From: Michal Hocko <mhocko@kernel.org>
To: NeilBrown <neilb@suse.com>
Cc: Vlastimil Babka <vbabka@suse.cz>, Theodore Ts'o <tytso@mit.edu>,
Matthew Wilcox <willy@infradead.org>,
lsf-pc@lists.linux-foundation.org, linux-fsdevel@vger.kernel.org,
linux-mm@kvack.org
Subject: Re: [ATTEND] many topics
Date: Thu, 26 Jan 2017 09:56:39 +0100 [thread overview]
Message-ID: <20170126085639.GA6590@dhcp22.suse.cz> (raw)

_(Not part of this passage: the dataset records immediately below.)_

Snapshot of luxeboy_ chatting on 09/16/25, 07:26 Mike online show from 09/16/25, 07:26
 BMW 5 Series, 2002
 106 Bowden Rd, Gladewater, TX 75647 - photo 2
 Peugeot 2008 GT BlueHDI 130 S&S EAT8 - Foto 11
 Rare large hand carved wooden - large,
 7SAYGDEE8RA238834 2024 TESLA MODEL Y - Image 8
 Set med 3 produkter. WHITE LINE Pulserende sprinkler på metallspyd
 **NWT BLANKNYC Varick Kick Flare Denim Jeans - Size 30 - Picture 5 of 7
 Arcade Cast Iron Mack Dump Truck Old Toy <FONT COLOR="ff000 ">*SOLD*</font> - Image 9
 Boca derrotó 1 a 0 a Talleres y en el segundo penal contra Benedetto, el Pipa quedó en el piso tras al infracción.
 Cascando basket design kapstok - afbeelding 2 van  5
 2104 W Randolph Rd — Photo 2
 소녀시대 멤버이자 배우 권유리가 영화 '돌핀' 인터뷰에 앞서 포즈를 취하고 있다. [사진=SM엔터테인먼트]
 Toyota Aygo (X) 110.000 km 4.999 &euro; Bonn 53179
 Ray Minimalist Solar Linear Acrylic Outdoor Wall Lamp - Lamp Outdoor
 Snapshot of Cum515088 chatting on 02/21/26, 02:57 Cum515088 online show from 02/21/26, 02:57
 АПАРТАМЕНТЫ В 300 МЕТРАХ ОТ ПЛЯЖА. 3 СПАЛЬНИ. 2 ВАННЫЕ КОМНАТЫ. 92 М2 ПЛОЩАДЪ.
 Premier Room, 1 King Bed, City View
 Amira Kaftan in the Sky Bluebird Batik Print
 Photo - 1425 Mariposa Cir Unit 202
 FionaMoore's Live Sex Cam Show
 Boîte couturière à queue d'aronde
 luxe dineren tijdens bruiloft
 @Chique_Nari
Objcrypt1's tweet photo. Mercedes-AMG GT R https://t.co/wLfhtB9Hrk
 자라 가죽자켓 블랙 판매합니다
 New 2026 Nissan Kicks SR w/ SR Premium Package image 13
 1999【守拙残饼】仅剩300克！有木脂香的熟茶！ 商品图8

In-Reply-To: <8760l2vibg.fsf@notabene.neil.brown.name>
On Thu 26-01-17 10:19:31, NeilBrown wrote:
> On Wed, Jan 25 2017, Vlastimil Babka wrote:
>
> > On 01/23/2017 08:34 PM, NeilBrown wrote:
> >> On Tue, Jan 24 2017, Theodore Ts'o wrote:
> >>
> >>> On Sun, Jan 22, 2017 at 10:05:44PM -0800, Matthew Wilcox wrote:
> >>>>
> >>>> I don't have a clear picture in my mind of when Java promotes objects
> >>>> from nursery to tenure
> >>>
> >>> It's typically on the order of minutes. :-)
> >>>
> >>>> ... which is not too different from my lack of
> >>>> understanding of what the MM layer considers "temporary" :-) Is it
> >>>> acceptable usage to allocate a SCSI command (guaranteed to be freed
> >>>> within 30 seconds) from the temporary area? Or should it only be used
> >>>> for allocations where the thread of control is not going to sleep between
> >>>> allocation and freeing?
> >>>
> >>> What the mm folks have said is that it's to prevent fragmentation. If
> >>> that's the optimization, whether or not you the process is allocating
> >>> the memory sleeps for a few hundred milliseconds, or even seconds, is
> >>> really in the noise compared with the average lifetime of an inode in
> >>> the inode cache, or a page in the page cache....
> >>>
> >>> Why do you think it matters whether or not we sleep? I've not heard
> >>> any explanation for the assumption for why this might be important.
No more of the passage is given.